Clang Static Analyzer Test Bench

The CSA test bench is a collection of tools that aim to ease Clang Static Analyzer development by finding projects on which certain checks or analyzer engine changes can be tested and by making the evaluation of the results easier.

Generate Project List utility

The generate_project_list.py utility can help discover relevant projects on which a check or a change can be tested. It generates a list of projects that use a certain API or language construct extensively, based on SearchCode query results.

Example usage:

python generate_project_list.py 'pthread_mutex_t' 'C C++' 5 --output pthread.json

The above command will generate a list of 5 projects written in either C or C++ that use pthread_mutex_t.

Generate Project List from Debian packages

It is also possible to create a project list file from Debian source packages. The resulting file will contain lots of unsupported projects, so we advise filtering the list afterward.

python project_list_from_debian.py -u ftp://ftp.se.debian.org/debian/ --output debian.json

We do plan to include additional facilities to help with filtering the list and building the packages in the future.

Running Experiments

The run_experiments.py script runs the Clang Static Analyzer on a set of projects and generates a detailed report from the results. It downloads the projects specified in a JSON config file from a git repository or a tarball, infers the build system, generates a build log, runs the Static Analyzer, collects the output, and generates an HTML report that holds all information needed to reproduce the same experiment.

Example usage:

python run_experiments.py --config projects.json --jobs 8

Note that the CodeChecker server at the URL specified in the config file needs to be started separately before running an experiment.

Example configuration:

{
  "projects": [
    {
      "name": "tmux",
      "url": "https://github.com/tmux/tmux.git",
      "tag": "2.6"
    },
    {
      "name": "curl",
      "url": "https://github.com/curl/curl.git"
    }
  ],
  "configurations": [
    {
      "name": "baseline",
      "clang_sa_args": "-Xclang -analyzer-stats"
    },
    {
      "name": "unroll",
      "clang_sa_args": "-Xclang -analyzer-stats -Xclang -analyzer-config -Xclang unroll-loops=true,cfg-loopexit=true"
    }
  ],
  "CodeChecker": {
    "url": "http://localhost:15010/Default"
  }
}

Example report:

Example report

Dependencies

In order for this set of scripts to work, CodeChecker needs to be installed and available in the PATH. Packages from the python_requirements file should also be installed after CodeChecker's virtual environment was activated. Example setup below:

cd path/to/CodeChecker
make venv
source venv/bin/activate
make package
export PATH="$PWD/build/CodeChecker/bin:$PATH"
cd path/to/csa-testbench
pip install -r python_requirements

If the cloc utility is in the path, the script will also count the lines of code of the analyzed projects and include them in the final report.

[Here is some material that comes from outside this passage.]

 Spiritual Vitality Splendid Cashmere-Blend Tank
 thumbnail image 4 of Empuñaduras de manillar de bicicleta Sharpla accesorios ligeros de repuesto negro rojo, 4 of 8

If clang is compiled with statistics enabled, the scripts will collect and include them in the final report.

If line based code coverage support is present, the script can collect coverage data and include it in the final report. Note that this requires a patched version of clang, this feature is not upstreamed yet. For the code coverage collection support to work, you need to have the MergeCoverage.py script and gcovr utility in the PATH.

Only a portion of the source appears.